Everything in the listing below needs to be retyped exactly.

# SOURCE DATA
******************************

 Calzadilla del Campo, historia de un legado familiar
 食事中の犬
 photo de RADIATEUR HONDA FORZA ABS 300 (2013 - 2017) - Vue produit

******************************

# RESULT OF THIS TASK
 Calzadilla del Campo, historia de un legado familiar
 食事中の犬
 photo de RADIATEUR HONDA FORZA ABS 300 (2013 - 2017) - Vue produit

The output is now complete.